3年間の研究室生活を終えて

お久しぶりです。修士2年の高田健介です。

今春、Web系の企業に内定を頂き、渡邉研究室を卒業することになりました。なので、大学・大学院生活を振り返っての記事を書こうと思います。先生からのリクエストが「集大成で」ということだったので、長い上に多分に自分語りっぽい記事になりますが、ご容赦下さい(スタジオのブログでこれって大丈夫なのかちょっと不安ですが…)。

■渡邉研究室に来た理由

元々絵を描くこと、創作をすることが好きだったこともあり、進路として一番に考えていたのは「ゲーム制作者」でした。ちょうど大学の最寄り駅にゲーム開発会社があると知った自分は、学部3年の3月頃、その会社にポートフォリオを送り、アルバイトとして勤務を始めようとしていました。

しかし、会社から求められたのは平日の4日のフルタイム勤務。ツールの使い方も知らず、ほとんど見習いのような状態で入ったので当然だったのですが、これが研究室選びで大変な条件となりました。

それまで仮で所属していた研究室は、具体的な「モノ」を作る研究室。これに対して、ネットワーク研究室は「Webに結びついた何か」を作る研究室なので、毎日研究室にいなくてもゼミを取ることができるのではないか…。ということで先生に相談をし、渡邉研究室に入ることになりました。

文章にしてしまうと結構消極的な理由になりますね…。ただ、Webは中学・高校の頃から触れ、その独特な文化も好きで、サービスやサイト作りに自信があった、ということもあり、元々強い興味がある研究分野の一つでした。

研究室に入って以降の学部4年の間は、週4日ゲーム会社でデザイナーとして働き、残りの1日でゼミに出席、週末は課題をこなす、といった生活をしていました。

■卒業制作

学部4年の10月頃、アルバイトでゲームソフトを1本リリースし一段落したので、卒業制作にとりかかりました。ここで散々悩んだのがテーマ設定。一般的に卒業制作・論文に求められるのが、「社会的な意義のあるテーマを設けること」で、自己満足な表現が大好きだった自分は、この視点でものを考えることに不慣れでした。

散々迷ったのですが、まずは見識を広めるために、iPhoneを購入。当時のモバイル(スマートフォン)アプリの躍進は凄く(今もすごいですが)、色々なものを試し、興味を持てそうなものを探しました。

当時は「セカイカメラ」が出始めた頃で、位置情報・ARアプリ開発が活気づこうとしているところでした。それらをひと通り眺めてみて思ったことは「位置情報のコミュニティは、何か狭い」ということでした。

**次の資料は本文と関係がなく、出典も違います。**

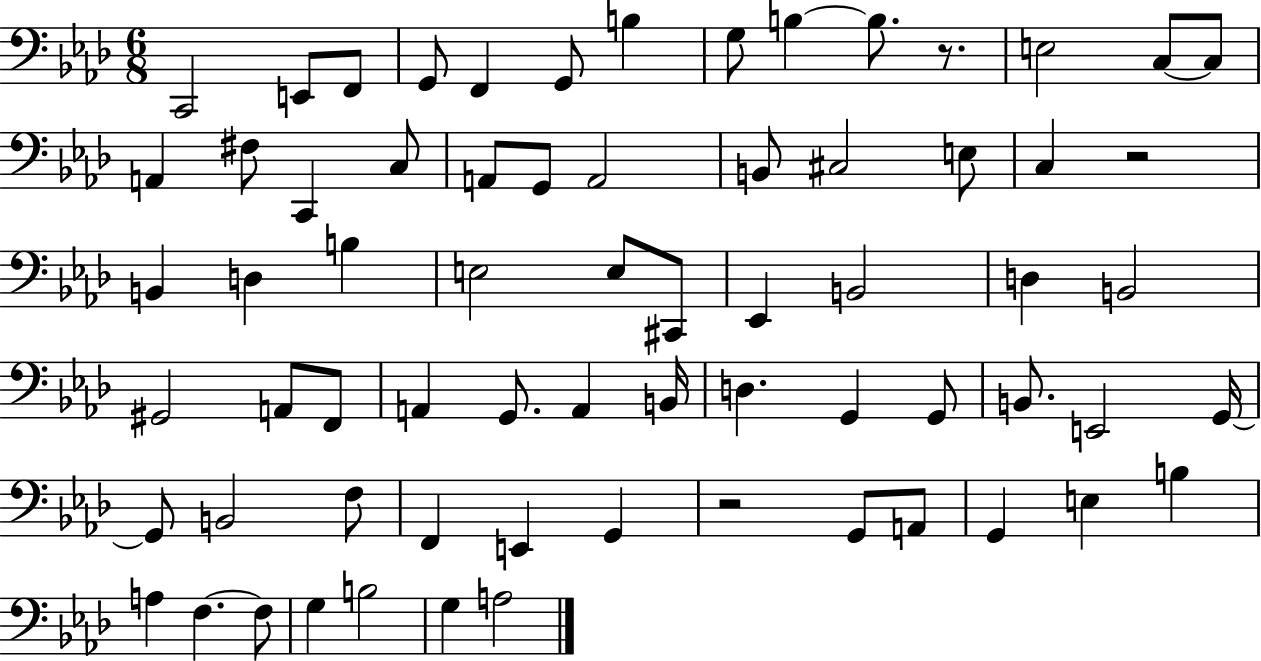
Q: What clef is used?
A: bass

その時は、この感想をなかなか具体的な言葉に出来ませんでした。今考えるとおそらく、今いる場所の情報しか受け取れない「縛り」の設定がおかしいのではないか…ということだったのだと思います。

結果的に、その点を解決する方法として、「矢文」の概念を利用し「土地に向かって文(情報)を撃つ(投稿する)」インタラクションを用いた「E-YABUMi」を提案しました。ただ、アプリとしてのリリースは出来ず、不完全燃焼感を持ったまま、修士課程に進学することになります。

■修士過程へ進学、アースダイバー

修士課程進学当初はフォントづくりをするなど、テーマとは離れて適当に好きなことをやっていたのですが、夏あたりにかなり沢山のタスクを抱えることになります。

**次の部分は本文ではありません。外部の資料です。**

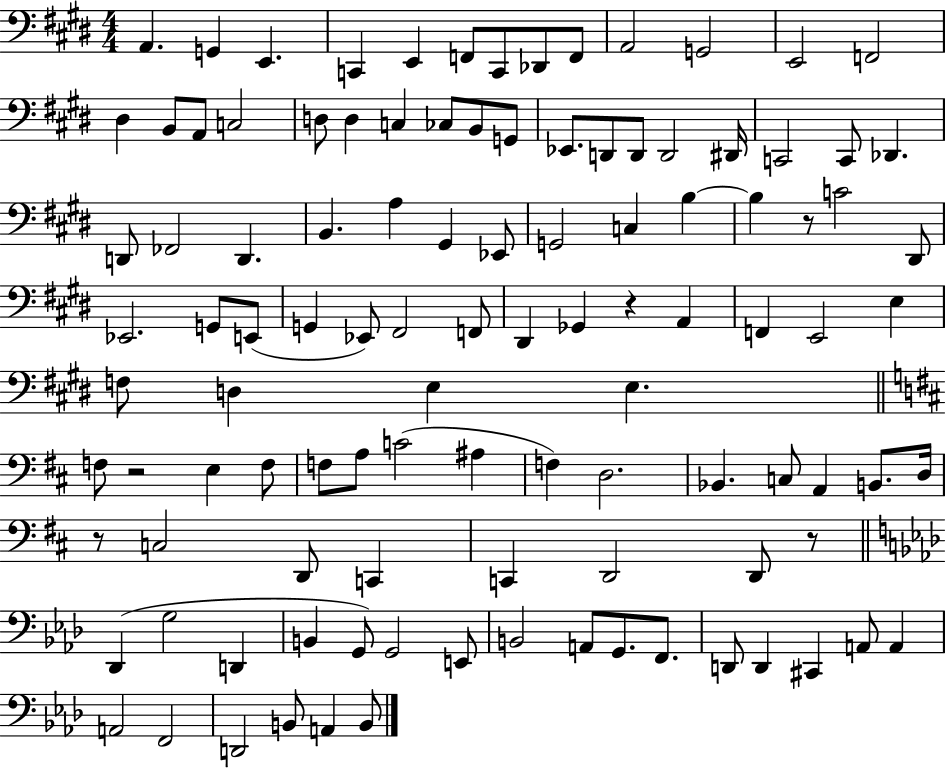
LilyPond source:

まずは「アースダイバーマップBis」。これは多摩美術大学・中沢新一研究室と共同制作で、「ブラタモリ」のような、東京の街歩きを楽しくするためのコンテンツとして制作したものです。

このプロジェクトでは、複数のタスクを抱える中でいかに自分のスケジュールを調整して制作を行うか、ということを学びました。と言っても当時は大したことをしていなかったので、自分の中で思うように制作が進まなかった部分もあり…、忙しい時期が終わってから思い返してみて、反省することによって学んだ、という感じでした。

それまでシングルタスク人間だった自分が、マルチタスク人間に少しだけなれたきっかけのプロジェクトだったと思います。(結果的に、多摩美術大学の方々がコンテンツとしての完成度を非常に高めて下さったので、とても良いプロジェクトとなりました。その節は色々とご迷惑をお掛けしましてすみませんでした。。。)

■ソーシャルゲームの制作

大学外の活動ですが、アルバイトでソーシャルゲームの制作も行いました。ソーシャルゲームは、近年盛んなモバイルアプリの中核とも言えます。一見ライトなアプリを作って効率良く収益を出しているように見えるのですが、実際に現場に入ってみて分かったのは、想像以上に大変なことが多いということでした。

個人的に一番挙げたい「大変なこと」は、「ユーザーのリクエストに応えつつもエンターテインメントとして面白くしないといけない」点でした。当時の体感的に、「リクエストに応える」と「面白くする」はかなり相反した概念で、適当な落とし所を見つけることに凄く苦労しました。その上、これを1週間や3日といった、かなりの短期間で実装しないといけないのです。これは凄く精神力の必要な仕事でした。

このソーシャルゲームのリリース後、大学の研究・制作などに集中し始めます。

■海外インターンシップ

修士1年の夏前、僕はインターンシップの事を考えていました。当初はアルバイト先であるゲーム会社にインターンシップとして行こうか、と考えていたのですが、それだと普段と変わらないので物足りなさを感じていました。

その時、先生がふと「海外に知り合いの勤めている会社があるけど、紹介しようか?」と声をかけてくださったのですが、当時僕は一度も海外に行った経験がなく、「旅行でも行ったことないのに、海外インターンなんて出来るわけがない」と思い込んでいました。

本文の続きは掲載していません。